Climate watch
By Douglas Hunter
A team of U.S. and U.K. scientists has warned that climate change could place unique Antarctic marine life in jeopardy because of predacious invaders. “Sharks are going to arrive in Antarctica as long as the warming trend continues, a bit more slowly than crabs. Crabs are going to get there first,” Professor Cheryl Wilga of the University of Rhode Island told the annual meeting of the American Association for the Advancement of Science. “But once they do get there, they are capable of eating the organisms that live there.” John P. Holdren, director of Science, Technology and Public Policy at Harvard University, told the same meeting he was tired of the term “global warming,” arguing that “we’ve been almost anesthetized by this term.”

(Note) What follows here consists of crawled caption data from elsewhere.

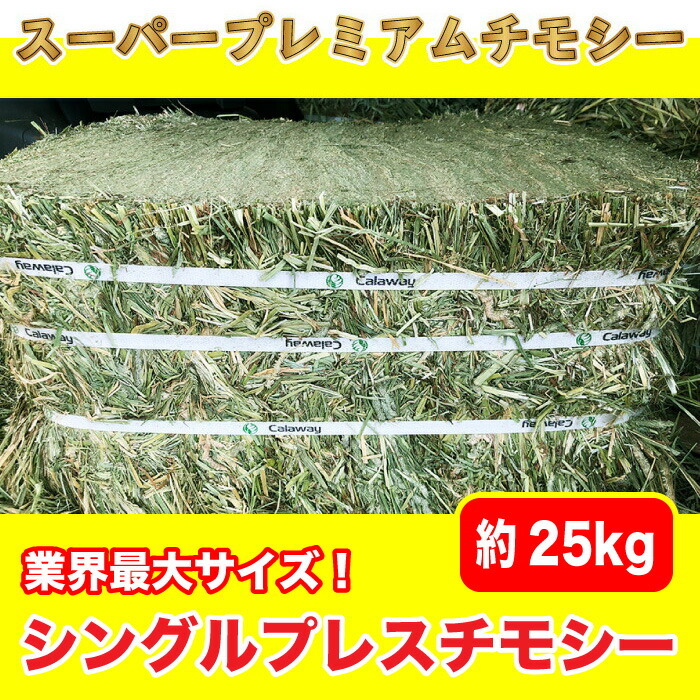競走馬使用の最高級グレード【業界最大サイズ】 牧草 チモシー 【シングルプレス】 約25kg　1番刈り　(アメリカ産) 圧縮 小動物 ヤギ 羊　送料無料【HTF】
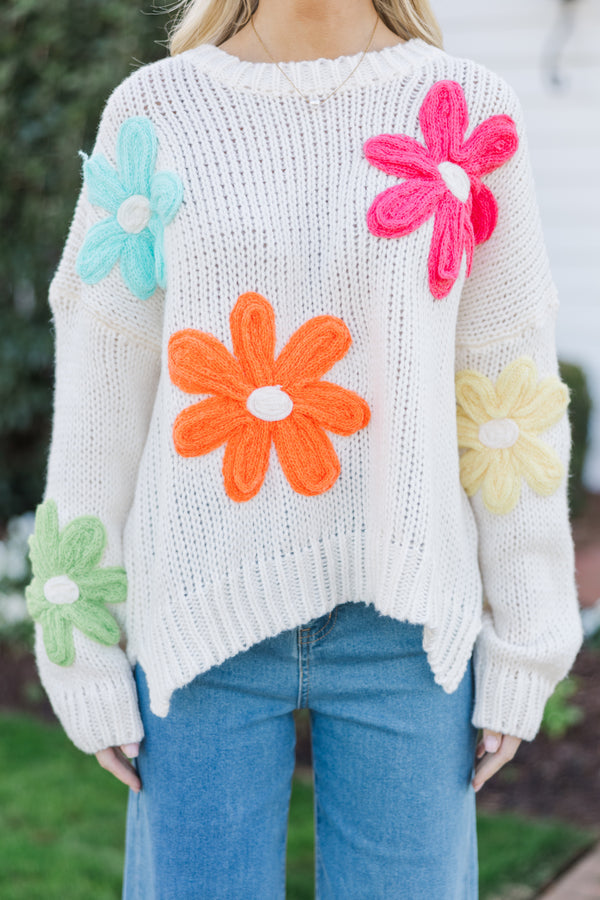 The Dream Cream Floral Embroidered Sweater – Shop the Mint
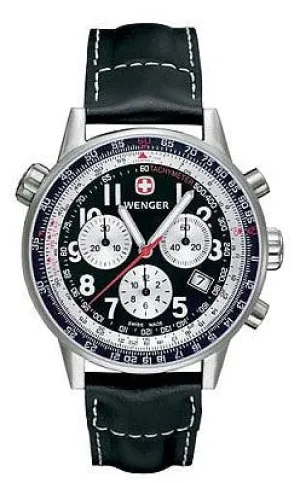 Wenger Men's Swiss Made Leather Strap Commando SR Chrono 70873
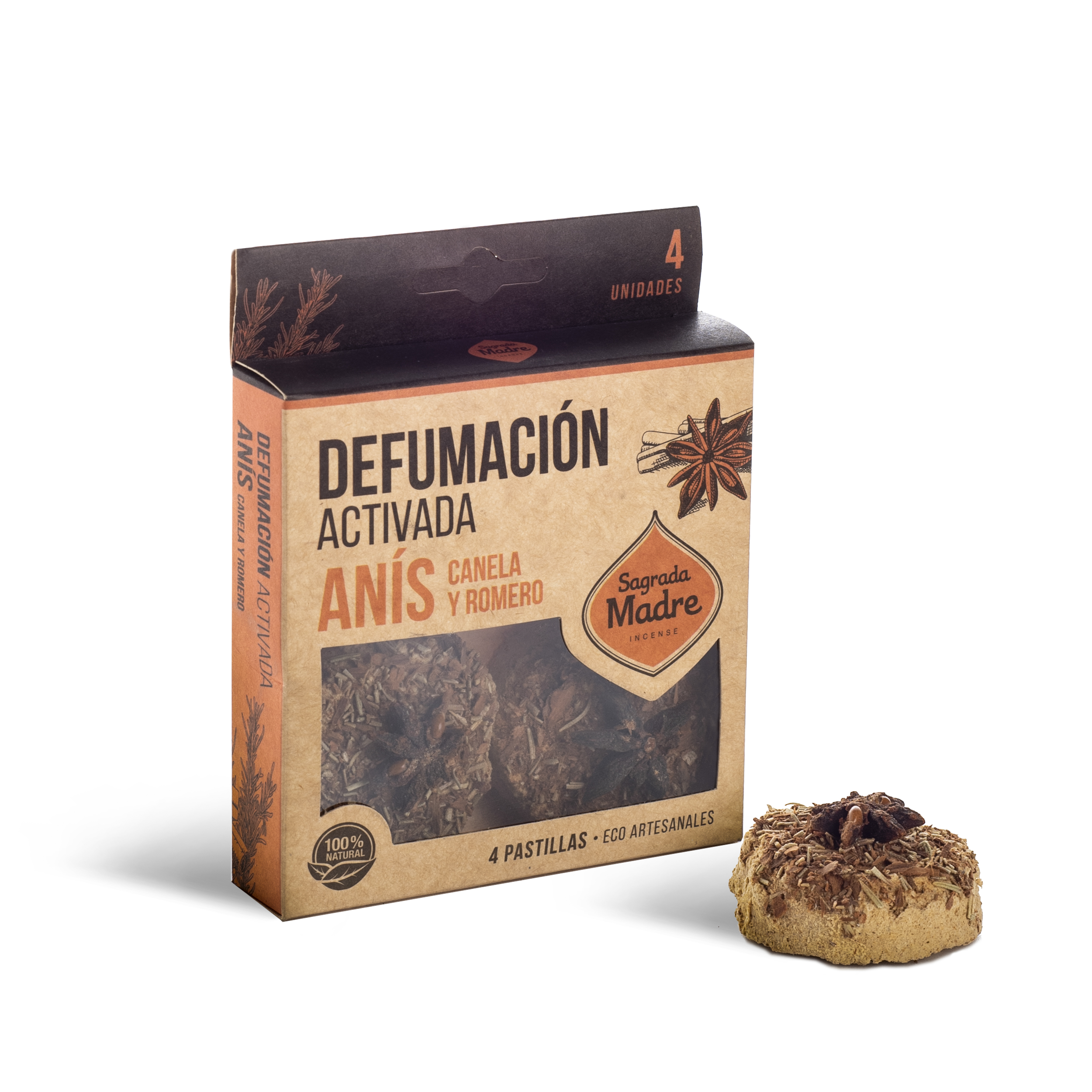 Pastillas de Defumación Activada Anís, Canela y Romero x4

A study Hydro Quebec commissioned has concluded that the southern part of the province will be 2 C warmer in 2040 than it was in 1970. In British Columbia, the provincial government followed Quebec’s 2007 initiative by introducing a carbon tax on fossil fuels, effective July 1, 2008. The tax is meant to discourage fuel consumption, but the government avows that it will be “revenue neutral” because of general tax credits.
The U.S. Department of Commerce and the University of New Hampshire released the results of a sonar survey of the Arctic Ocean floor off Alaska. The dramatic decline in summer sea ice coverage in 2007 made the survey possible. The survey could stake a U.S. claim to territory beyond the standard 320-kilometre limit and usher in deepocean drilling for oil and natural gas.